The Writing Program

2015-2016  CCCC Writing Program Certificate of Excellence Winner

The University Writing Program, offered by the Department of Writing Studies, Rhetoric, and Composition, creates the intellectual atmosphere in which students can acquire rhetorical knowledge and strategies to write purposefully, incisively and ethically. Students and faculty in the program read closely and critically, explore rhetorical situations and cultural contexts, engage in inquiry, and study the elements of well reasoned, persuasive discourse.

All RWU students take WTNG 102 and a second class at the 200 level to satisfy the University’s six-credit writing requirement. Students who would benefit from additional practice exploring the connection between college-level reading and writing, crafting sound sentences, and developing coherent essays are eligible to take WTNG 100 “Introduction to Academic Writing” prior to entering WTNG 102.

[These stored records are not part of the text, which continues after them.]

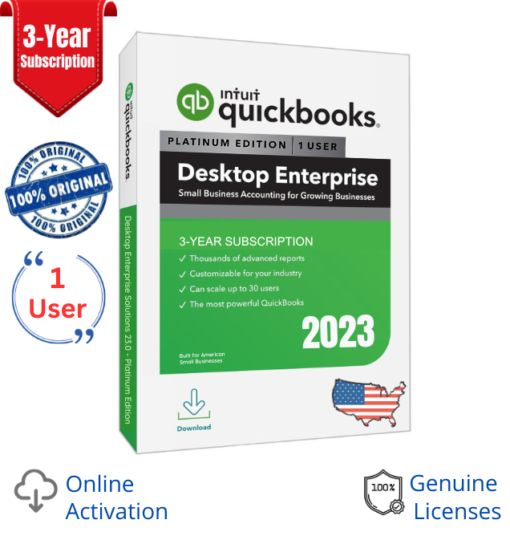 QuickBooks Desktop Enterprise 23.0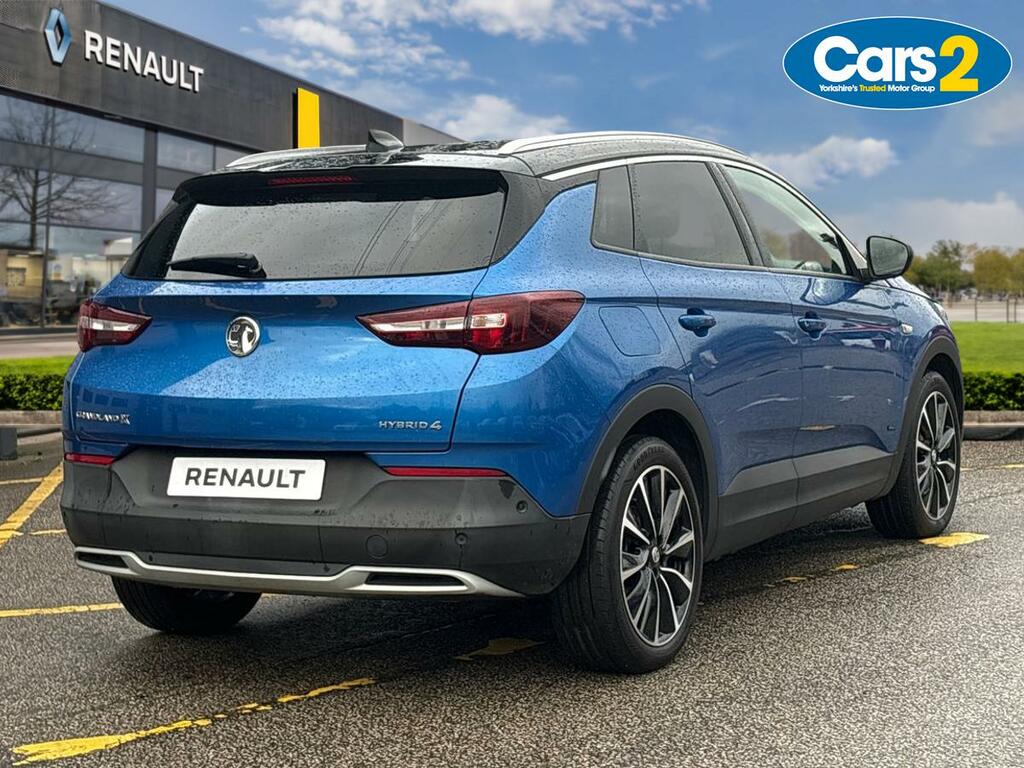 Vauxhall Grandland X 1.6 Hybrid4 300 Elite Nav Blue #3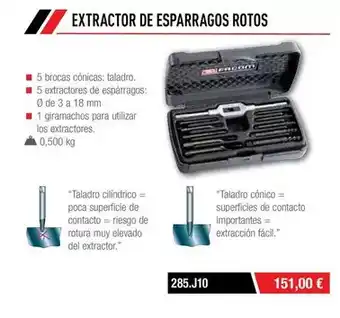 Ferri Extractor de esparragos rotos oferta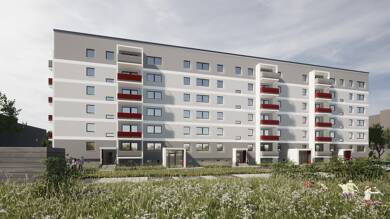 Wohnung zur Miete 706 € 5 Zimmer 94,1 m² frei ab 01.05.2026 Sallauminer Str. 54 Lugau Lugau 09385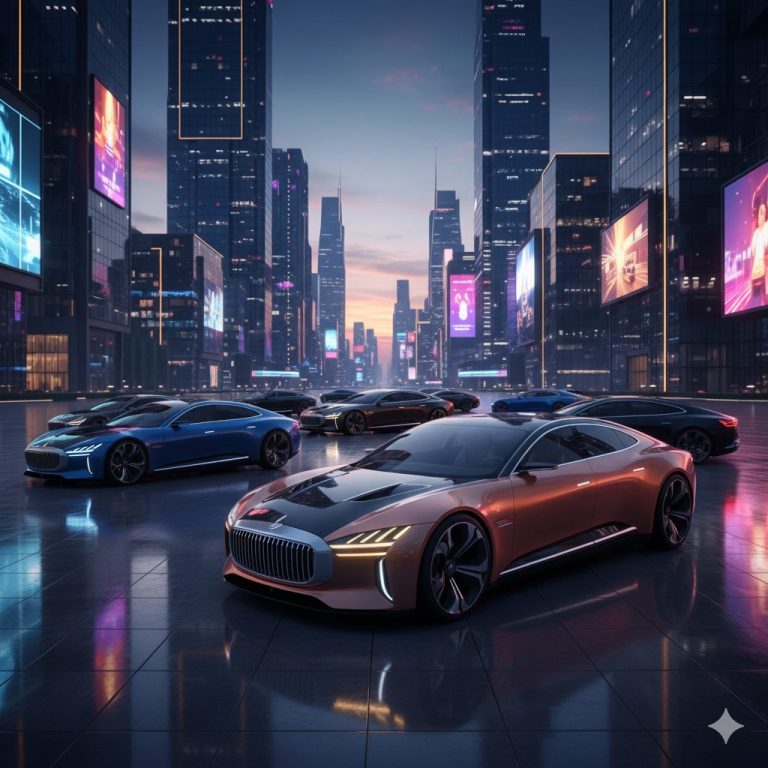 10 Luxury Electric Cars Dominating the US Market in 2025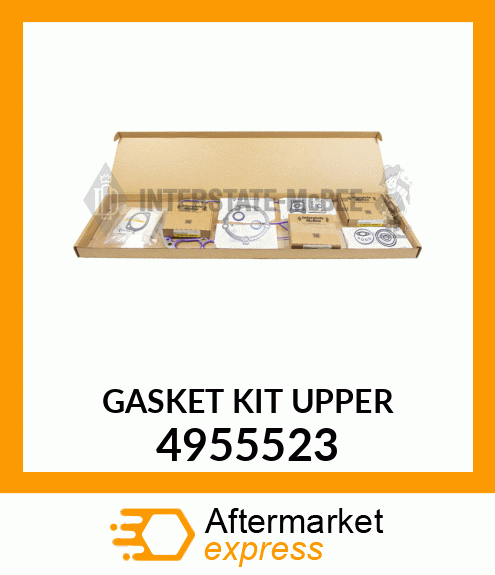 Upper Gasket Kit New Aftermarket 4955523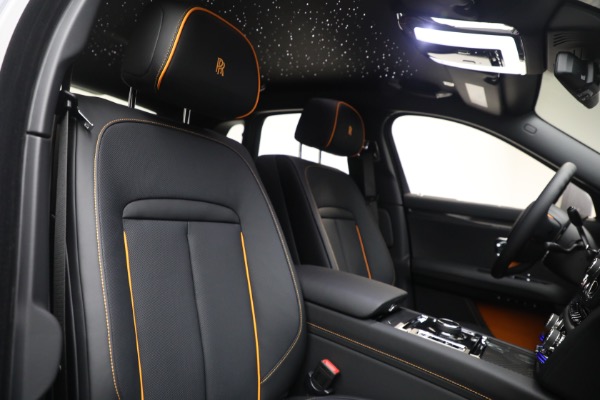 New 2025 Rolls-Royce Black Badge Ghost for sale Sold at Maserati of Westport in Westport CT 06880 25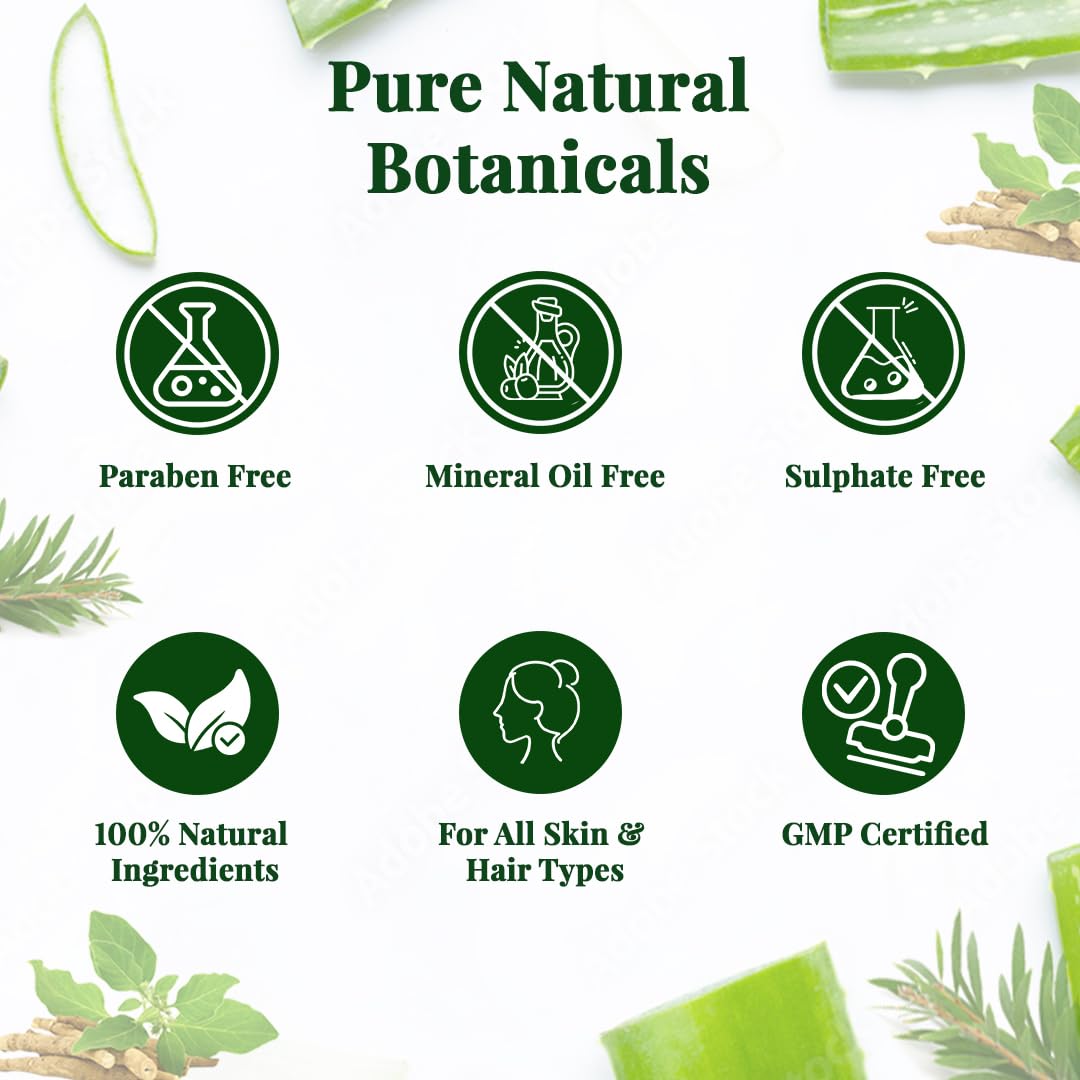 Vansaar 45+ Pure Aloe Vera Gel 500g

Information about Writing Placement

WTNG 100 INTRODUCTION TO ACADEMIC WRITING
Focusing on the connection between reading and writing, this first-year course emphasizes the understanding and production of academic arguments.  In a series of increasingly complex assignments, students cultivate rhetorical and writing process knowledge as well as an understanding of the general expectations of the academic discourse community.  Assignments focus on summary and analysis of academically oriented texts.  Students will write a series of short, informal assignments that build towards longer, more formal compositions. Students must earn a C- or higher in the course to enroll in WTNG 102.

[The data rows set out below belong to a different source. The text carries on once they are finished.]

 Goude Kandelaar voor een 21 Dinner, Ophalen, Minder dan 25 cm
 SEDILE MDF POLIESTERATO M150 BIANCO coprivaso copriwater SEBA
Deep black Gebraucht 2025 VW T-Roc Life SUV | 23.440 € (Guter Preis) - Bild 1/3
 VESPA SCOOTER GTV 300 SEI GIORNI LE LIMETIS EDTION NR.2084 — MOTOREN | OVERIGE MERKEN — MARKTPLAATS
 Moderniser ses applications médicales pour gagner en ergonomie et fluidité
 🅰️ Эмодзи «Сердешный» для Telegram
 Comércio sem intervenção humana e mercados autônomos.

WTNG 102 EXPOSITORY WRITING:  HOW WRITING WORKS
This first-year course helps students develop a conceptual map of how writing works by building on their rhetorical and writing-process knowledge and by fostering genre and discourse community awareness. Students will craft four formal essays by working through drafts and peer review to create polished, audience focused writing. Students must earn a C-or higher in the course in order to enroll in 200 or 300-level writing courses.

 

Student Learning Outcomes

 100-level200-level300-level400-level
Writing Process Knowledge

Describe their effective use of multiple stages of writing processes

Explain how each stage of their writing process contributes to strengthening their engagement in textual conversations and develops their articulation of ideas

Demonstrate and explain how their writing process helps them think globally about revision–to not just “fix” problems but to radically reimagine their writing process and written products

Develop their own strategic writing processes and assess how their writing process enables them to engage critically and creatively with their own and others’ ideas in developing sophisticated texts

Rhetorical Knowledge

Identify the ways in which specific audiences influence a writer’s  purpose,  genre, evidence, and style

Apply their knowledge of purpose, genre, evidence, and style effectively when addressing academic, professional, and public audiences

Adapt their purpose, genre, evidence, and style to the social context, taking into account stakeholders beyond the intended audience

Generate texts for external audiences and explain the theoretically informed decisions they made about purpose, genre, evidence, and style

Genre Knowledge

Recognize different patterns of writing and describe the basic features of common public and academic written genres and how they relate to how writing works

Apply genre knowledge to compose texts across a range of public, professional, and academic audiences

Design and compose texts using specialized genre and domain knowledge that draw on different modes and media to address particular audiences

Describe how genres shape context, discourse, identity, and social relations and apply this knowledge to the genre systems in which they participate

Discourse Community Knowledge

Recognize evidence of community identity in particular genre conventions, rhetorical situations, and writing processes

Analyze and evaluate the relationship between identity and writing within and across particular academic, professional, and public communities.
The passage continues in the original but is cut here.